Parlement: une médiation entre les avocats et le ministre de la Justice paralysée par des querelles de procédure et des luttes d’influence

Abdellatif Ouahbi, ministre de la Justice, lors d'une séance des questions orales à la Chambre des représentants.

Revue de presseUne initiative parlementaire visant à apaiser les tensions entre Abdellatif Ouahbi, ministre de la Justice et l’Ordre des avocats, se heurte à des rigidités formelles. Alors que le fond du désaccord semble surmontable, la question du lieu de la réunion et d’éventuels calculs politiques menacent l’issue de la conciliation. Cet article est une revue de presse tirée du quotidien Al Ahdath Al Maghribia.

Le 10/02/2026 à 18h03

La médiation parlementaire entre l’Association des barreaux du Maroc et le ministre de la Justice, Abdellatif Ouahbi, concernant le projet de loi régissant la profession, rencontre des écueils inattendus, principalement d’ordre procédural. Un élu n’hésite pas à qualifier ces blocages de «formels».

Pour rappel, cette médiation, acceptée en principe par les deux parties, a été conditionnée par deux parlementaires, issus de la majorité et de l’opposition, à sa tenue stricte au siège du Parlement.

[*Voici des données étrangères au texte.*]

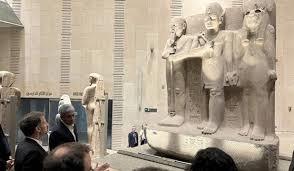   الرئيس الفرنسي يزور المتحف المصري الكبير في مستهل زيارته للقاهرة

Ces derniers se sont fermement opposés à tout déplacement des membres de la Chambre des représentants en dehors de l’enceinte législative, relaie Al Ahdath Al Maghribia de ce mercredi 11 février. Des négociations sont dès lors en cours pour convaincre les élus réticents que l’essentiel réside non dans le choix du lieu, mais dans la résolution des divergences et l’aboutissement à un texte consensuel entre le gouvernement et les avocats.

En filigrane de ce débat protocolaire, une source parlementaire évoque une lutte discrète au sein de la Chambre des représentants, certaines composantes cherchant à instrumentaliser cette initiative à des fins politiques, et ce après l’accord donné par l’Ordre des avocats pour rencontrer le ministre. En gage de leur bonne volonté, les initiateurs de la médiation se sont dits prêts à renoncer à superviser directement l’organisation des débats, sans que cette concession ne débloque la situation pour l’instant.

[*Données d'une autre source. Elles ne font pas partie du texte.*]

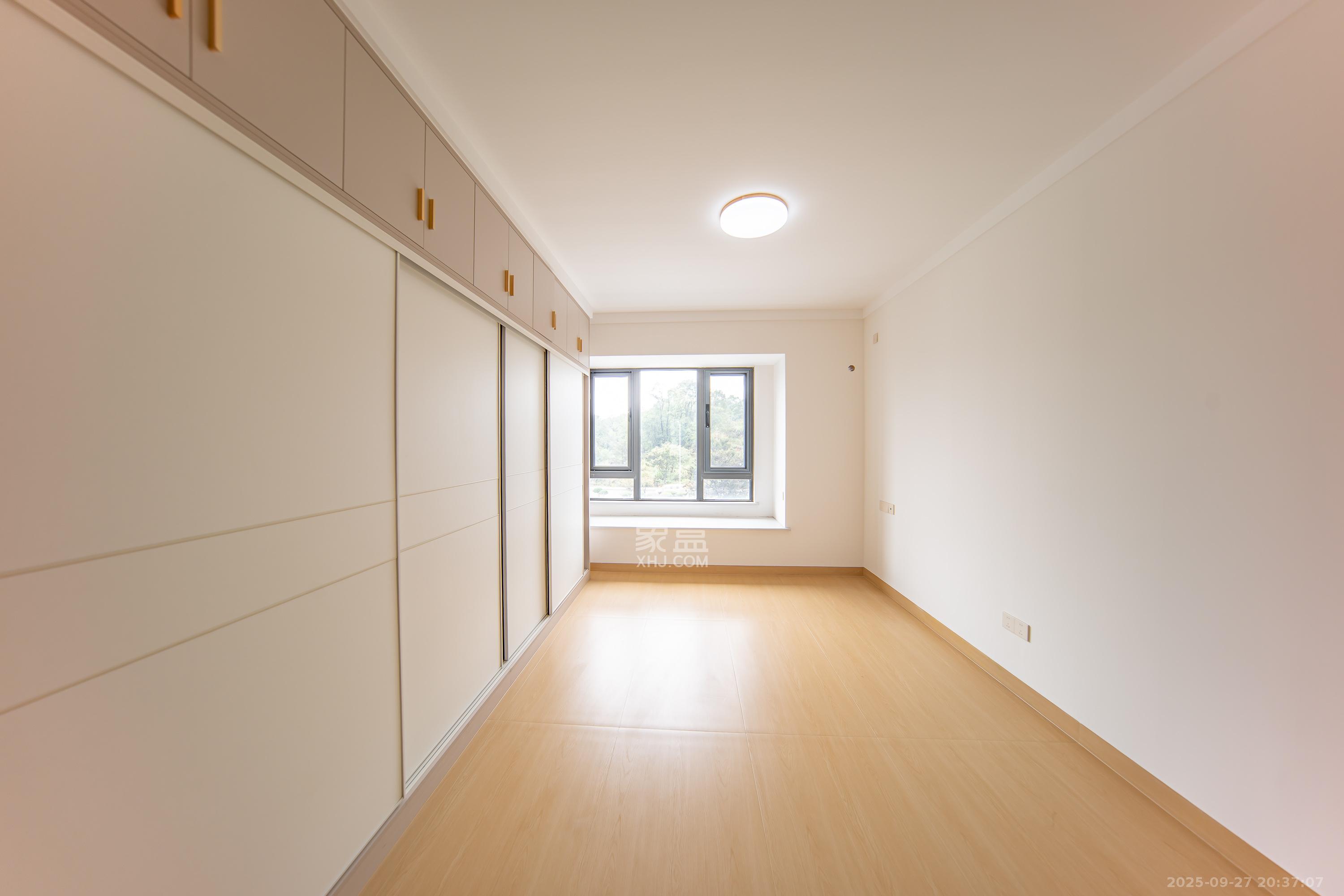 金茂长沙国际社区 4室2厅2卫 145.0万 金茂长沙国际社区 4室2厅2卫 145.0万卧室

Si le ministre de la Justice avait d’emblée accepté, voire insisté, pour que cette conciliation soit pilotée par le Parlement, le président de l’Association des barreaux du Maroc (ABAM), El Houssine Ziani, avait initialement hésité, avant de donner son accord sans conditions.

La même source indique que les premiers contacts avec les avocats ont révélé que «la confrontation entre les avocats et le ministre de la Justice est en grande partie formelle», chacune des parties renvoyant à l’autre la responsabilité des provocations, note Al Ahdath Al Maghribia. L’analyse qui prévaut est que les points de désaccord substantiels peuvent être résolus, que ce soit avant ou après la soumission officielle du projet au Parlement, d’autant que le texte, qui n’a pas encore quitté le Secrétariat général du gouvernement, pourrait techniquement être amendé sans que l’exécutif n’ait à procéder à son retrait définitif.